Meet OIF Ghana

My name is Justina Yiadom-Boakye, a mother to a child living with Osteogenesis Imperfecta. I am also the founder and the current President of OIF-Ghana, who recently became a member of the OIFE. Though it might be difficult to give the exact number of people living with the condition here in Ghana, however, using the statistical estimate of one out of every fifteen thousand people ratio, we estimate a total number of about two thousand people living with the condition in Ghana given our total population of about thirty million.

It can be hard for people with OI to find small enough wheelchairs in Ghana.

Some of the major challenges facing people living with the condition in Ghana includes the following:

  • Bisphosphonate drug Pamidronate is not readily available.
  • Mobility aids especially for their small sizes are not readily available and expensive.
  • Those we have identified currently have no form of corrective surgeries done for them. As a result of this, most of them have severe limbs and spine deformities.
  • Most of the children we have identified have been abandoned by their fathers, living the mothers to care for them on their own.

OIF Ghana was founded on 6th May, 2017. Our main mission is to improve the quality of life of people with OI in Ghana through Education, Awareness Creation, Treatments and Mutual support. We currently have seven OI children we are working with. Most of the people we have identified got to know of us through our limited awareness creation and publicity activities.

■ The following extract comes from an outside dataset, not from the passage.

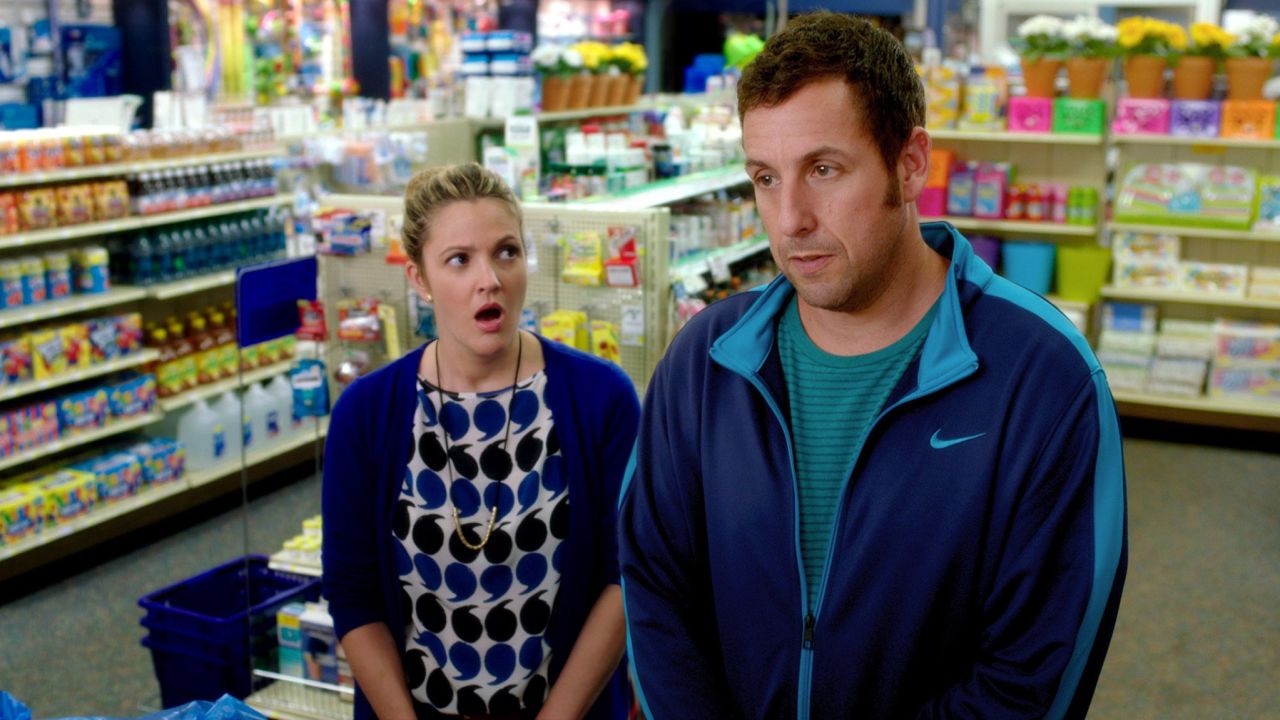 Adam Sandler has been a fixture on Razzie lists through the years, and this year is no different. He is up for worst actor for his performance in "Blended" (with Drew Barrymore).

As a young institution, our biggest challenge has always been funding. This includes the following:

  • Funding for the medical cost of Pamidronate administration to the affected children identified.
  • Inadequate funding in executing our educational and awareness creation campaigns. across the country.
  • Unavailability of funds to assist affected children to have corrective surgeries on their severe limbs deformities.
  • We are currently in need of an office space to help us expand our operations.
Creating awareness on Wishbone Day

OIF Ghana has lined up a couple of projects it hopes to execute in the nearest future. Some of these projects are listed as follows:

  • To organize a large scale publicity campaign in Ghana aimed at educating Ghanaians about the condition and to seek better living conditions for people with OI with the relevant government bodies and agencies.
  • We look forward to train representatives’ volunteers across all the 16 regions of Ghana before the end of 2020 to help affected families in the respective regions.
  • To pursue for the setup of a medical team that will be in charge of handling OI cases in all the teaching Hospitals in Ghana.
  • Our greatest aspiration is to have a specialized OI clinic within the Central Regional Teaching Hospital where OI patients will be given proper care and attention every half year.
  • We also hope to put up a fund which will be used to assist OI patients financially with surgical operations. This is particularly dear to us because even though we have an orthopedic surgeon here in Ghana that can perform such surgeries, there are no funds to buy rods needed for the operation. We hope that with a fund set up if possible, we can assist affected individuals and their families to ease the expensive financial burden associated with OI surgeries. This fund will help us to hit our target of assisting in rodding at least a child each year.

Amongst our great successes, we are the first and only institution in Ghana that has brought OI to the limelight. Though the awareness on OI is very inadequate, we have been able to clear some doubts in the minds of most Ghanaians who supposed OI to be a ‘strange’ sickness. Considering the limited resources available to us, we can confidently refer to this as great success.

Creating awareness about OI on Wishbone Day

Also, another success we can boast of is that, all the children we have identified are put on Pamidronate infusion for free with all medical bills born by the organization. We have also provided mobility aids for such persons with the help of our cherished donors.

With all that have been said, we look forward to working with you closely to help build and grow our capacities as an infant organization to help give OI the attention it needs most especially in developing countries like Ghana.

Below you can meet our ambassador Ayeyi, who’s 8 years old, who was recently featured on BBC Africa.

The girl with brittle bones who loves to dance – BBC Africa Life Clinic

"I can't stretch my arms, but I can stretch my brain … so that I can do great things."Eight year-old Ayeyi has a condition that can cause bones to break at the slightest movement. But despite the pain a fracture brings, Ayeyi loves to dance and refuses to let her condition define her.